Mean PEs for the different conditions of repeated stimulus features and responses are provided in Table 3, and details on the inferential statistics from the 4-way ANOVA are summarized in Table 4. The two-way interactions with response repetitions were significant for stimulus form and location, but not for stimulus color.


The integration of stimulus and response features into event files is at the heart of TEC, and Experiment 4 mirrors earlier reports in showing that re-encountering previous stimulus features retrieves event files, and thus corresponding responses (Hommel, 1998, 2004). Albeit smaller than in the original study, this setup still resulted in a considerably large effect size for task-relevant information (dz = 1.56 as compared to dz = 2.70 in the original). The present observations further mirror the original results in showing largest partial repetition costs for task-relevant stimulus features (here: form), and smaller partial repetition costs for task-irrelevant features (here: location and color; dz ≤ 0.76). Notably, this pattern should indeed be seen as reflecting task-relevance rather than intrinsic properties of different features, because the original publication had already included a control experiment that showed a reversed pattern when color rather than location was implemented as task-relevant (Hommel, 1998, Exp. 2).
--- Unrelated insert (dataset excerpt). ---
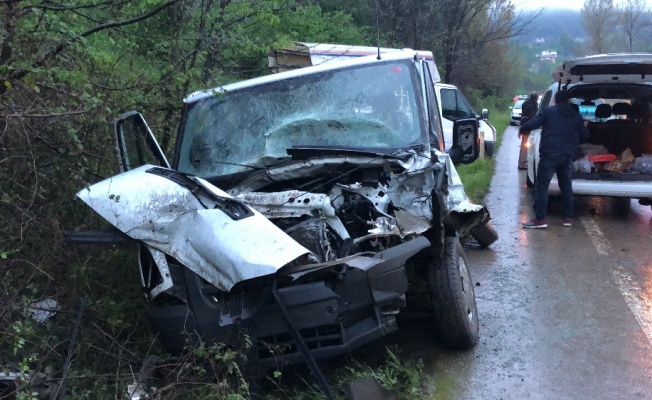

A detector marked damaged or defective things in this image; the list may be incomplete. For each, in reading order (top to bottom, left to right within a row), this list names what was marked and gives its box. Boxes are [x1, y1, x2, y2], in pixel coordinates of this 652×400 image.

severely damaged vehicle [67, 51, 494, 374]
shattered windshield [176, 58, 426, 177]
In contrast to the original data, however, the present results also yielded small partial repetition costs for the task-irrelevant feature of color. Because the corresponding interaction of color sequence and response sequence had not been significant in the original study, this study concluded (Hommel, 1998, p. 200): “Yet, the indication that colour information is not integrated with information about stimulus or response location suggests that feature binding is selective." The present data suggest that at least the design of the S1R1-S2R2 task rather supports the assumption of unselective binding, a notion that is reinforced by numerous replications of binding between task-irrelevant distractors and responses (Frings et al., 2007; Hommel, 2005; Moeller et al., 2016). Whereas binding seems to be effective by default, the amount of attention devoted to task-irrelevant information certainly affects retrieval of event files, however (Hommel et al., 2014; Moeller & Frings, 2014).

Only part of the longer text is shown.